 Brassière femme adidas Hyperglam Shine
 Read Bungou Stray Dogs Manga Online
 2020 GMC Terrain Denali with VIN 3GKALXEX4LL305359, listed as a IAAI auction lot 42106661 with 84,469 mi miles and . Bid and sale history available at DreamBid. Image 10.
++++
**Work instruction**
What you give back should be exactly the lines from the one with "Read Bungou Stray Dogs Manga Online" through the final line of the listing, and no others.

**Exercise solution**
 Read Bungou Stray Dogs Manga Online
 2020 GMC Terrain Denali with VIN 3GKALXEX4LL305359, listed as a IAAI auction lot 42106661 with 84,469 mi miles and . Bid and sale history available at DreamBid. Image 10.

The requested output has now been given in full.